**EXERCISE:**
Find the line with "abstract space background." in the records below. Output exactly from there until after the line with "2721 - A SAPPHIRE", without pictures.

DATA IN THIS EXERCISE: Begin

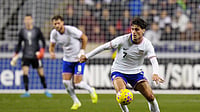 USA Vs Paraguay: American Soccer Enigma Gio Reyna Earns Generational Bragging Rights In Intense Friendly (AP Photo/Derik Hamilton) : United States' Gio Reyna controls the ball during the second half of an international friendly soccer match against Paraguay, Saturday, Nov. 15, 2025, in Chester, Pa.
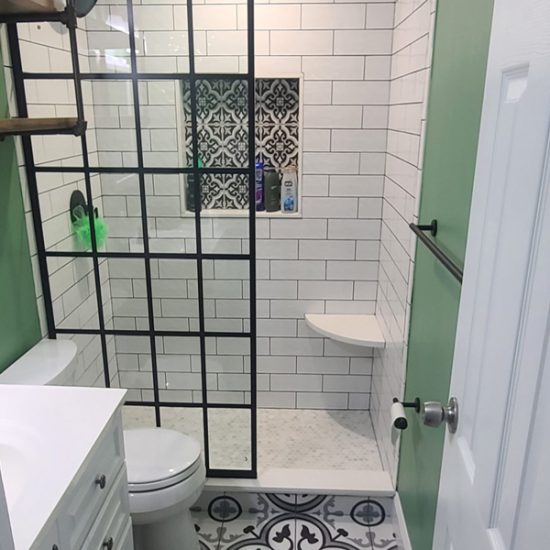 Modern bathroom with patterned tiles.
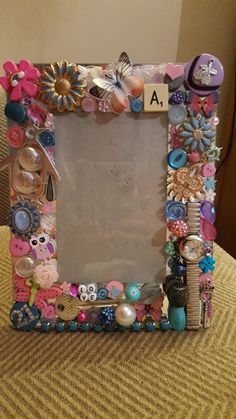 a photo frame decorated with buttons and flowers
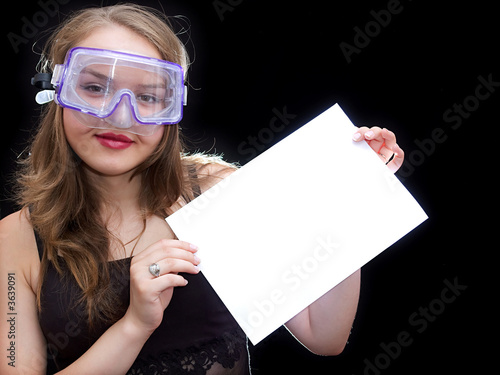Girl in mask hold a sheet of paper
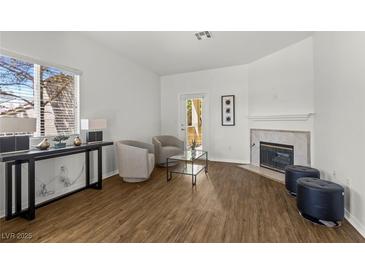 Bright living room featuring modern decor, a fireplace, and a sliding glass door at 5250 S Rainbow Blvd # 2106, Las Vegas, NV 89118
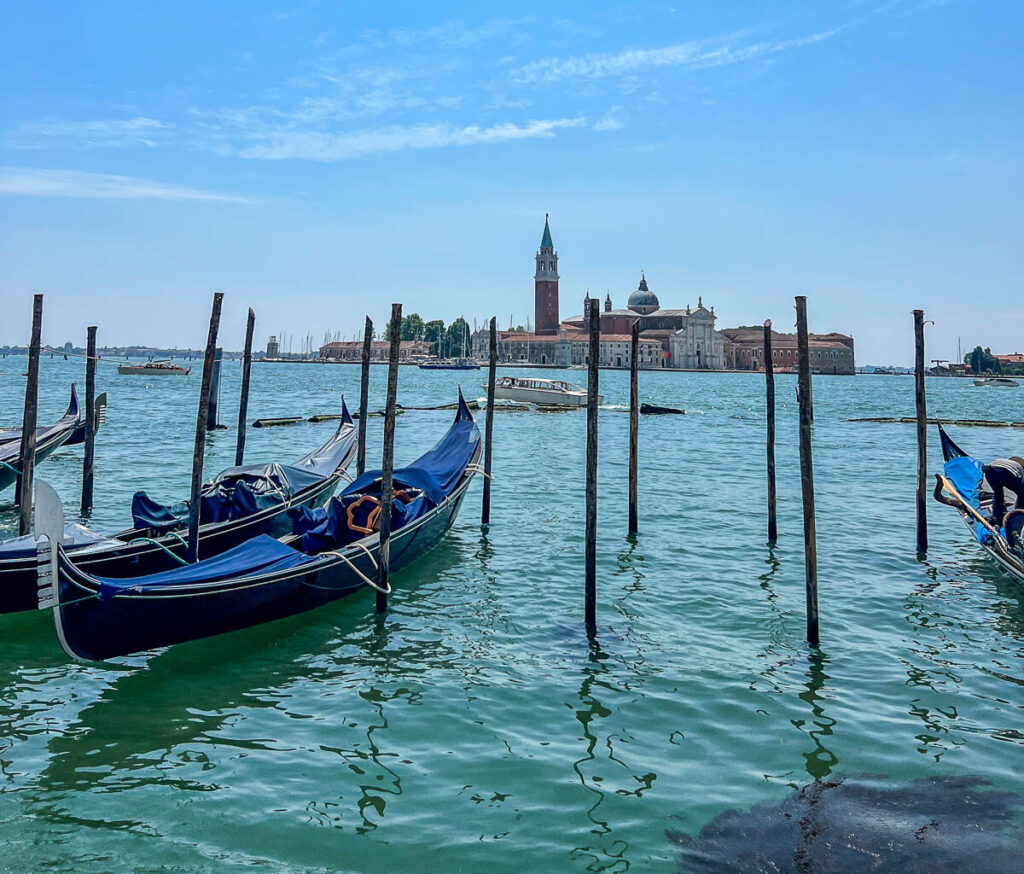 Gondolas moored along the Venice waterfront with the island church of San Giorgio Maggiore across the water.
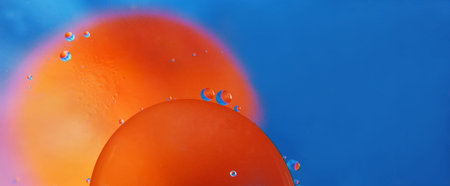 abstract space background. drops of oil in water. abstract orange and blue background. copy space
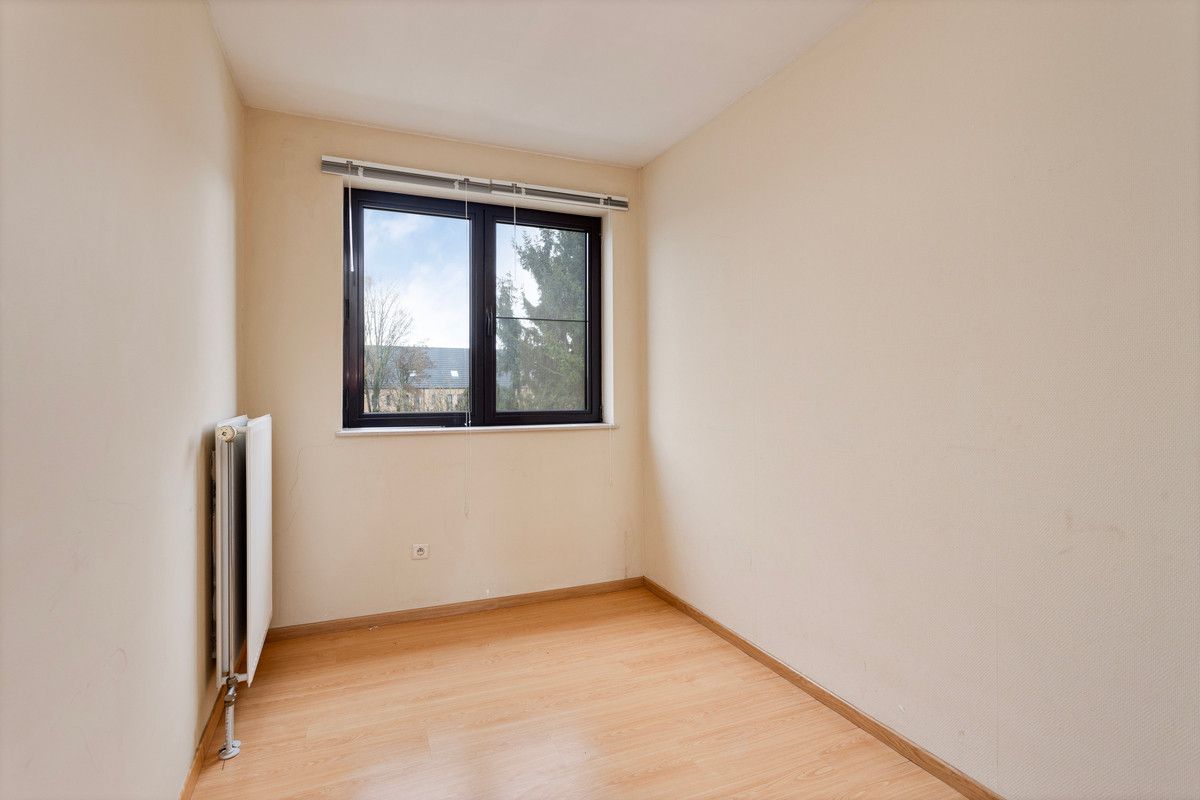 Perfect investeringspand (2 app) met onmiddellijk rendement te koop in hartje Sint-Truiden! foto 12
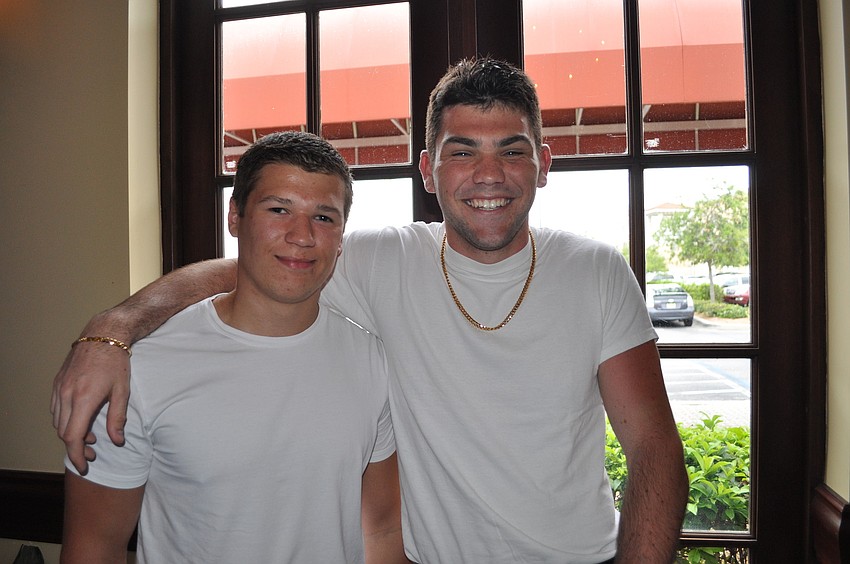 Lukas Labansuskas and Greg Ratzel work out at the YMCA.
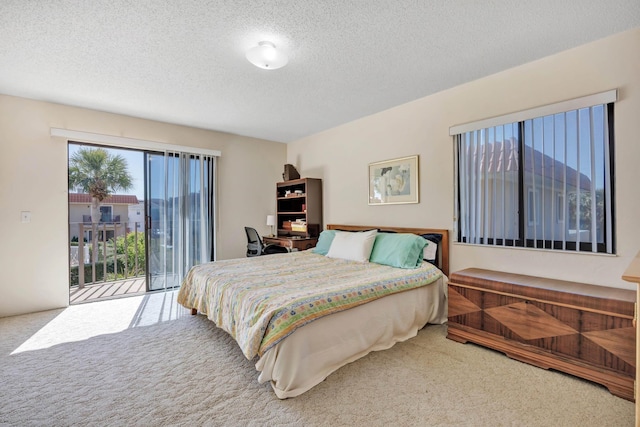 bedroom featuring access to outside, a textured ceiling, and carpet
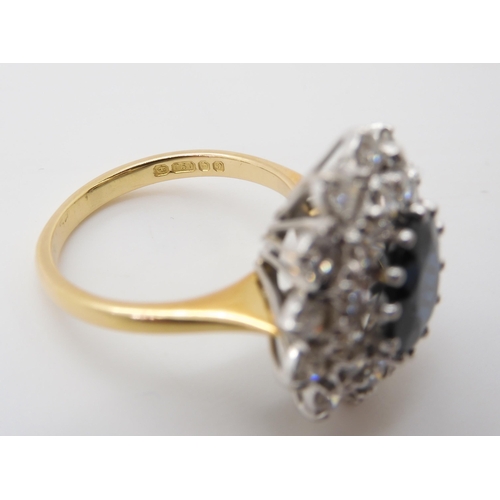 2721 - A SAPPHIRE AND DIAMOND CLUSTER RINGthe 16.8mm x 18mm cluster, mounted throughout in yellow and white... 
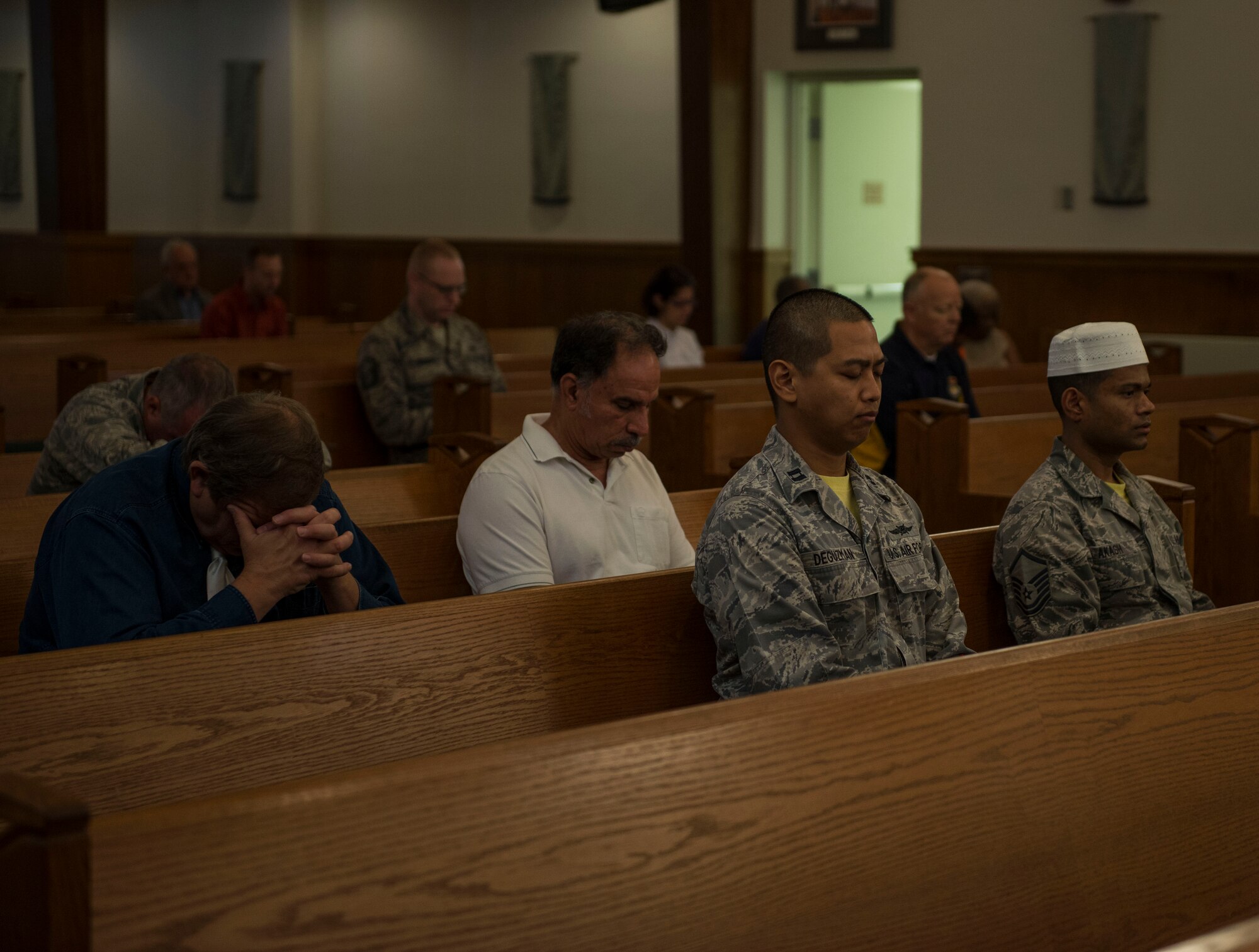 Capt. Robin Deguzman, Air Force Space Command Cyberspace Support Squadron, prays during an interfaith prayer service, Scott Air Force Base, July 15, 2016. The chapel held the prayer service in response to the shootings in Orlando, Falcon Heights, Baton Rouge, Dallas, and the attack that killed 84 in Nice, France.   The service included representatives from at least six religions, including the Hindu, Protestant, Islamic, Soka Gakkai International Buddhist, Catholic, and Greek Orthodox faiths.  (U.S. Air Force photo by Staff Sgt. Jodi Martinez/Released)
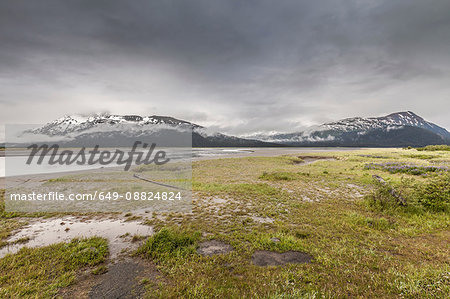 Snow capped mountains across wetlands, Bird Point, Seward Highway, Alaska, USA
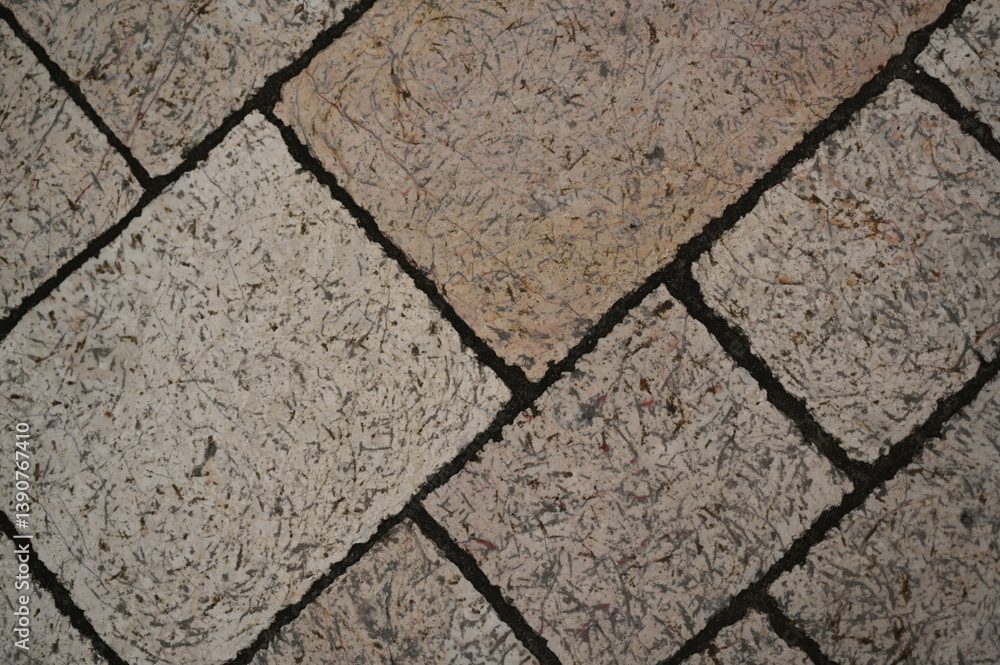 Fototapeta premium grey paving tile texture, grey tile pattern as background, grey tile texture close up 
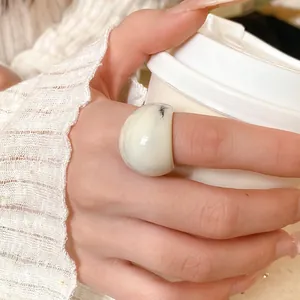 Macro view of an irregular marble resin ring worn on a finger for a stylish look.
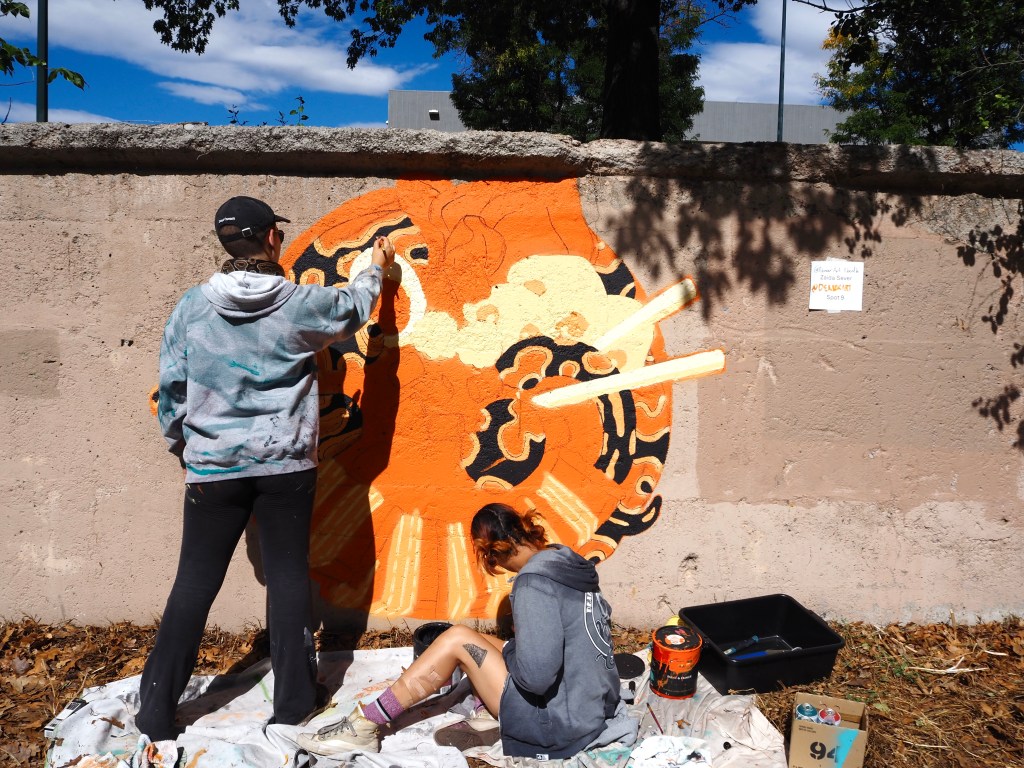 People paint an orange mural of a snake in a bowl of ramen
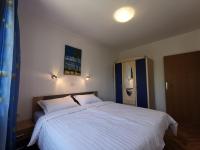 Posteľ alebo postele v izbe v ubytovaní Apartments Jurandvor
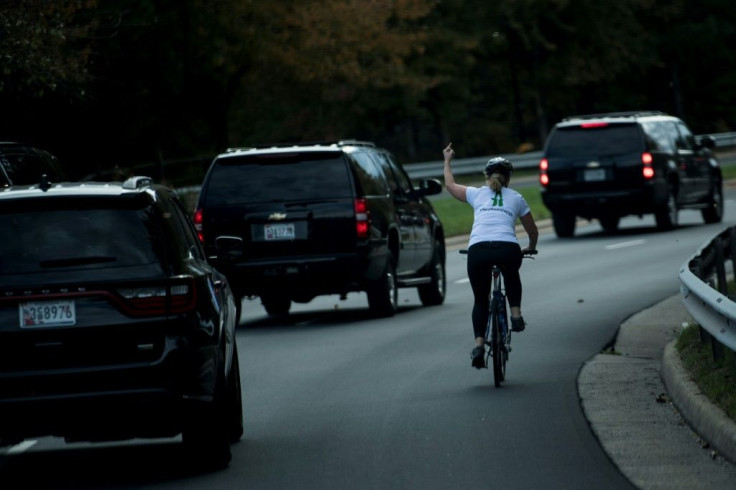 This photo from October 2017 shows Juli Briskman flipping off Donald Trump's presidential motorcade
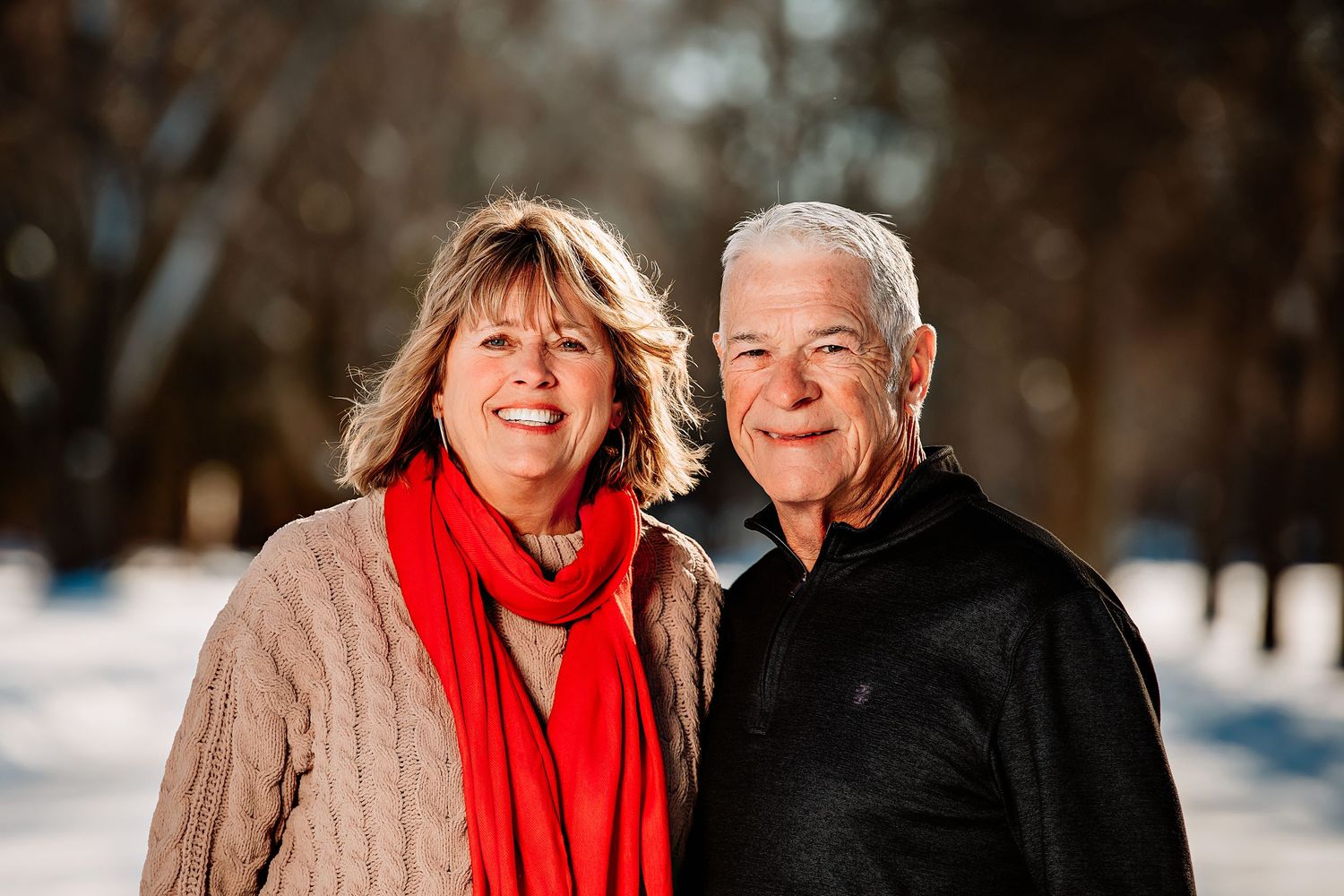 Two people wearing winter clothing smile together outdoors in a snowy setting with trees in the background.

DATA IN THIS EXERCISE: End

**TASK OUTPUT:**
 abstract space background. drops of oil in water. abstract orange and blue background. copy space
 Perfect investeringspand (2 app) met onmiddellijk rendement te koop in hartje Sint-Truiden! foto 12
 Lukas Labansuskas and Greg Ratzel work out at the YMCA.
 bedroom featuring access to outside, a textured ceiling, and carpet
 2721 - A SAPPHIRE AND DIAMOND CLUSTER RINGthe 16.8mm x 18mm cluster, mounted throughout in yellow and white... 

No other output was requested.